#### [Activity]
Your output must be the lines below from the line containing "Billede 2 - Den" to the line containing "T Nelson & Sons", both lines included, reproduced exactly and without pictures.

#### [Records provided]
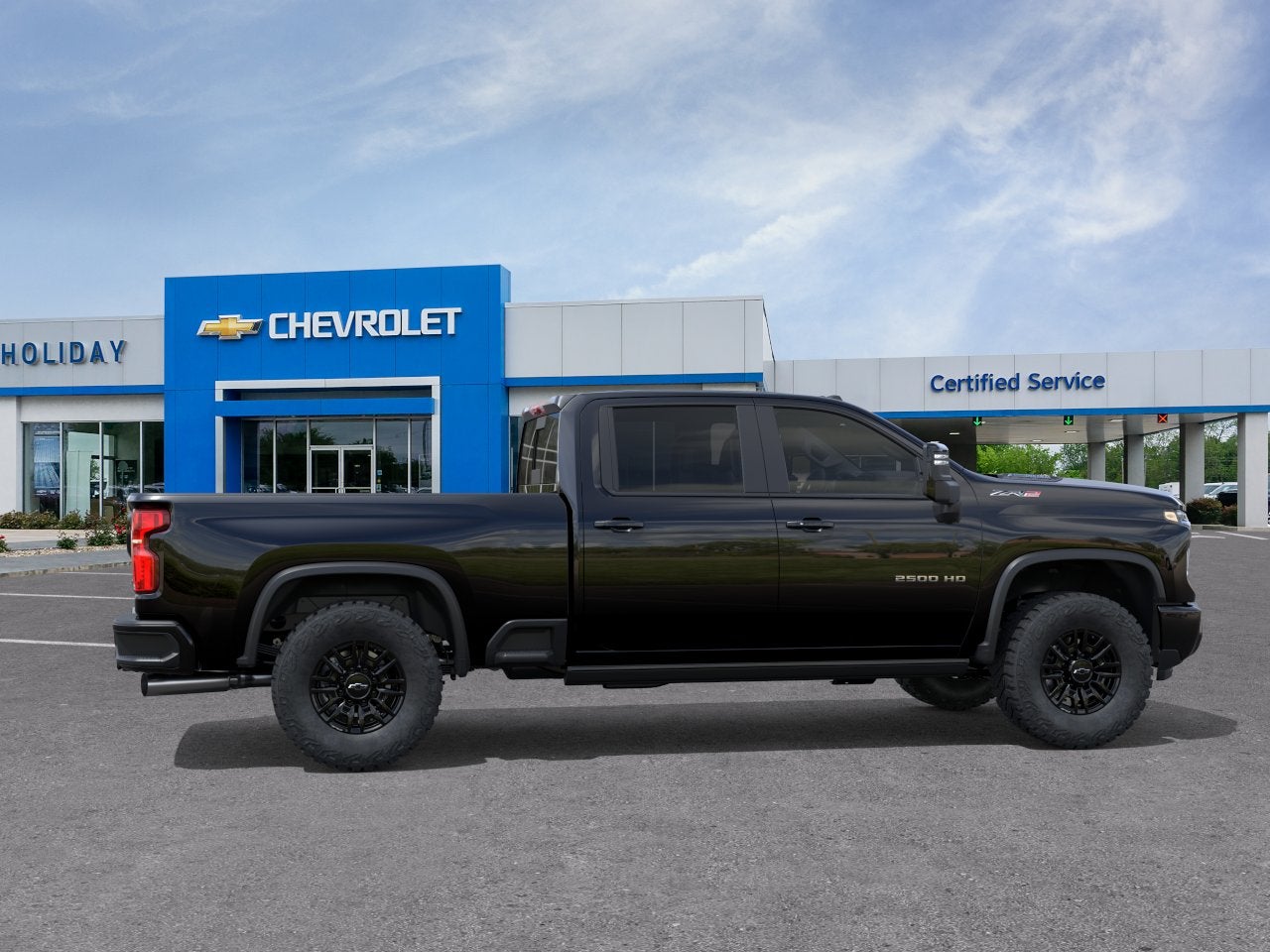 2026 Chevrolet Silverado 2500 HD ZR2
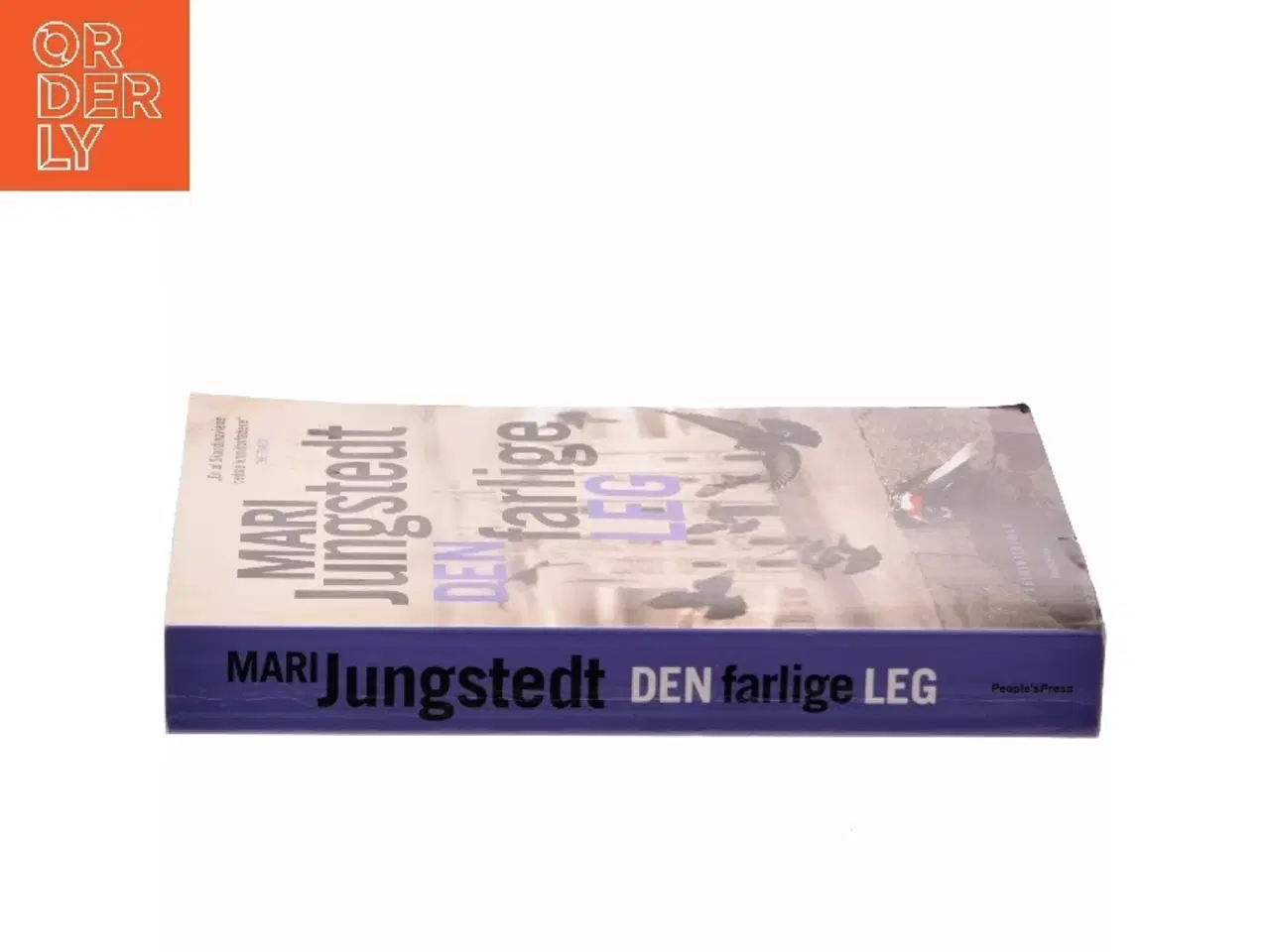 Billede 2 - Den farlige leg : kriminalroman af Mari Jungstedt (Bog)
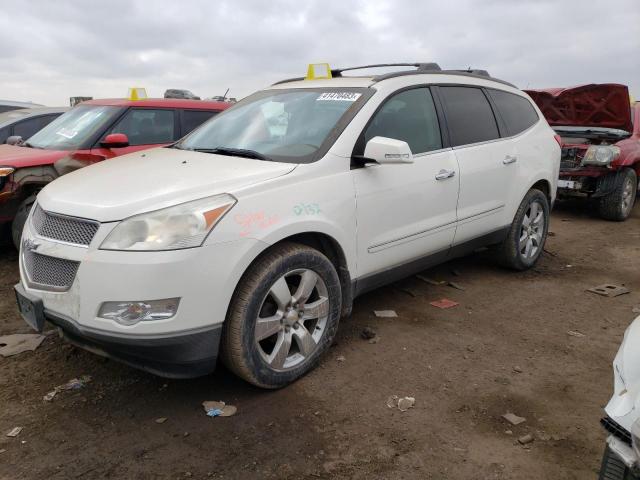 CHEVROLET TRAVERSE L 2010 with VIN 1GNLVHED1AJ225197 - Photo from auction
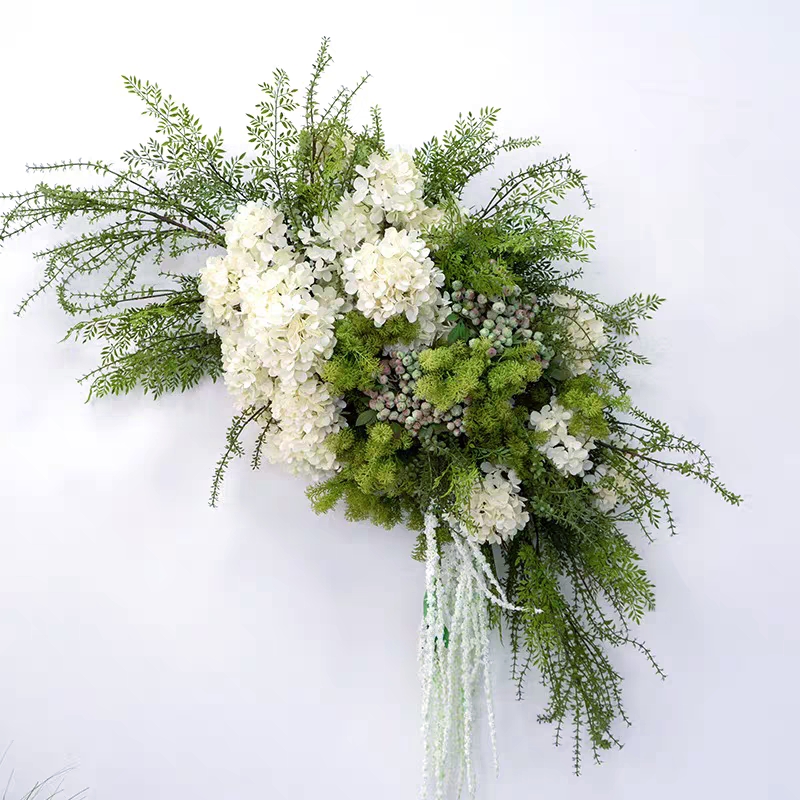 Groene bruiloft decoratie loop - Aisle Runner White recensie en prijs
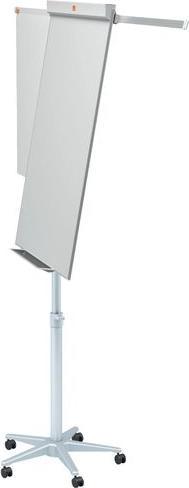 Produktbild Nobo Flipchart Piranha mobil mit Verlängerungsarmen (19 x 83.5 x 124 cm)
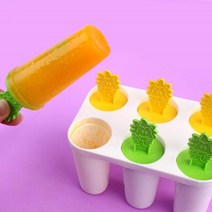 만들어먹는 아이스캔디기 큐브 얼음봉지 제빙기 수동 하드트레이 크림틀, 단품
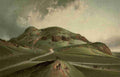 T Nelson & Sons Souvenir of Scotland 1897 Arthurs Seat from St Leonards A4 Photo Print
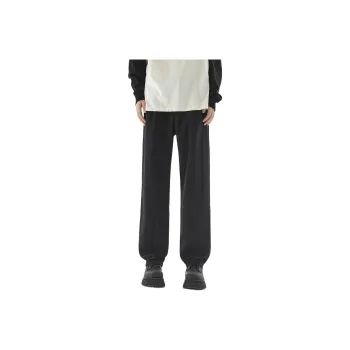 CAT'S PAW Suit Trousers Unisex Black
--
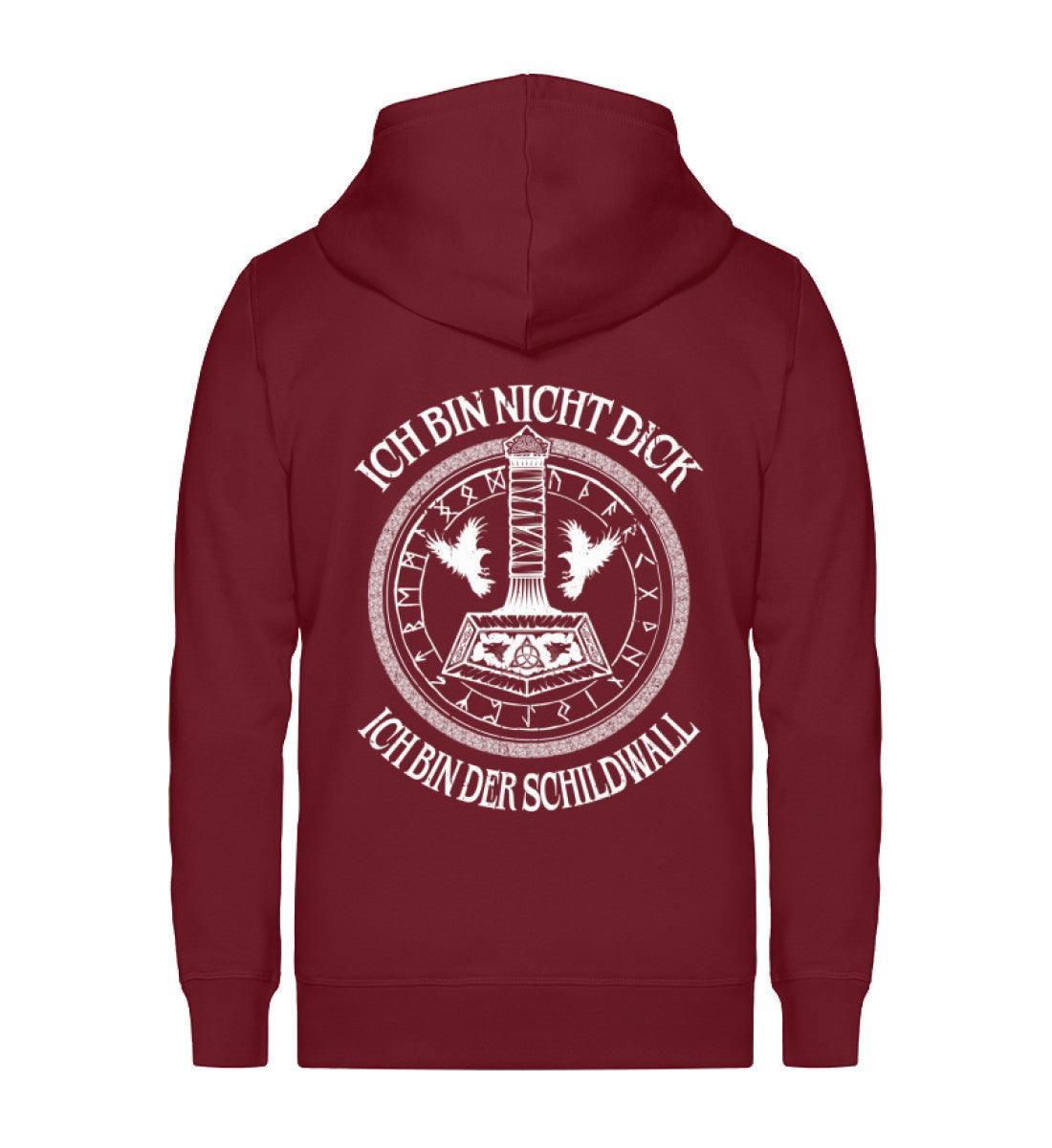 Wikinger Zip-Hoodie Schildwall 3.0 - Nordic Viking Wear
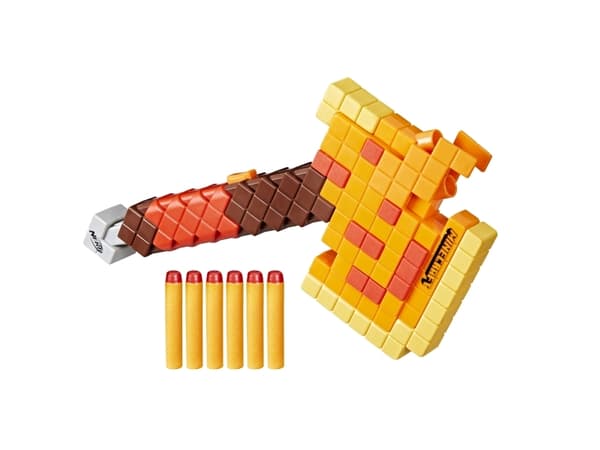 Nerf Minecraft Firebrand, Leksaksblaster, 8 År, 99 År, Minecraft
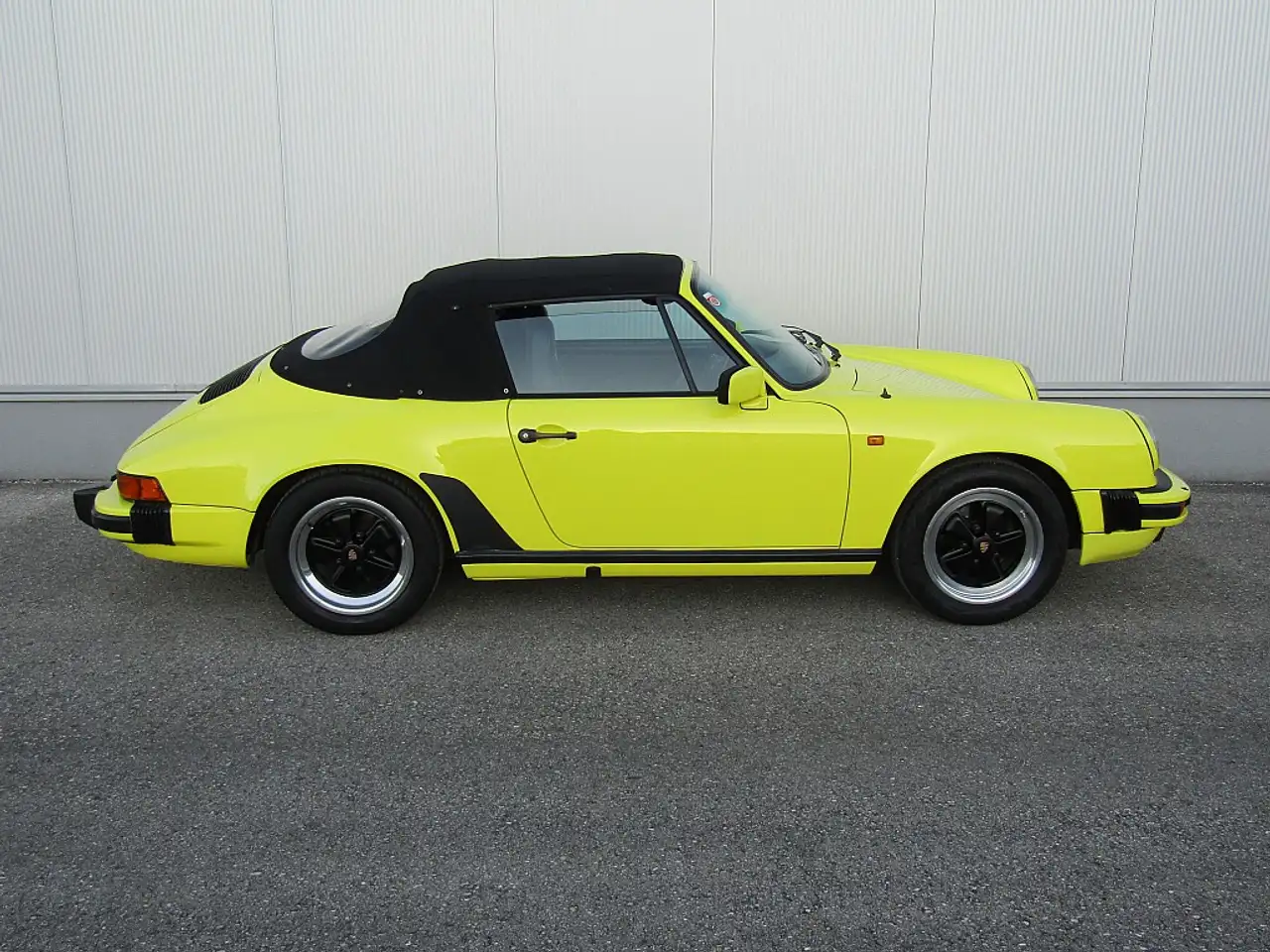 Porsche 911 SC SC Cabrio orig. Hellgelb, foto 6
---
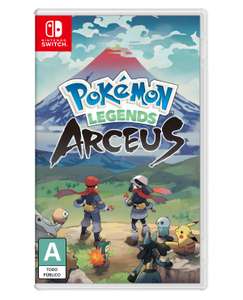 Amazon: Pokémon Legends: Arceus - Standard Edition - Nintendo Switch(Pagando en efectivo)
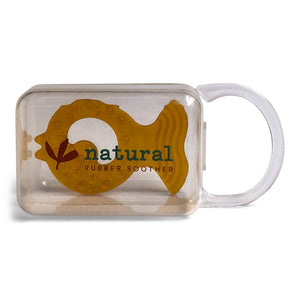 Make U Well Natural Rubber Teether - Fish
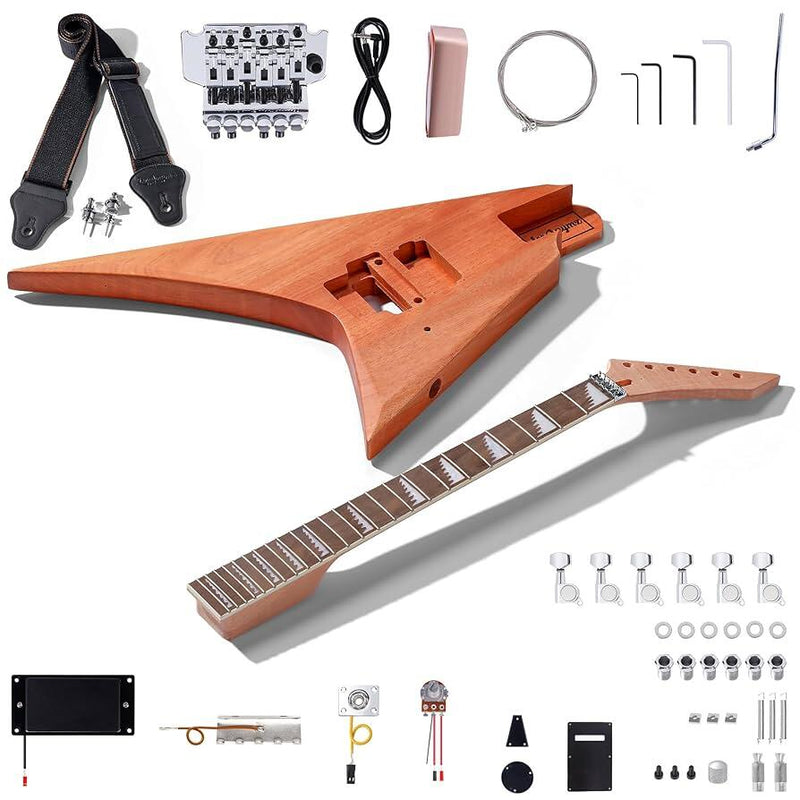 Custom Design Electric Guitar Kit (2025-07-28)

#### [Exercise answer]
 Billede 2 - Den farlige leg : kriminalroman af Mari Jungstedt (Bog)
 CHEVROLET TRAVERSE L 2010 with VIN 1GNLVHED1AJ225197 - Photo from auction
 Groene bruiloft decoratie loop - Aisle Runner White recensie en prijs
 Produktbild Nobo Flipchart Piranha mobil mit Verlängerungsarmen (19 x 83.5 x 124 cm)
 만들어먹는 아이스캔디기 큐브 얼음봉지 제빙기 수동 하드트레이 크림틀, 단품
 T Nelson & Sons Souvenir of Scotland 1897 Arthurs Seat from St Leonards A4 Photo Print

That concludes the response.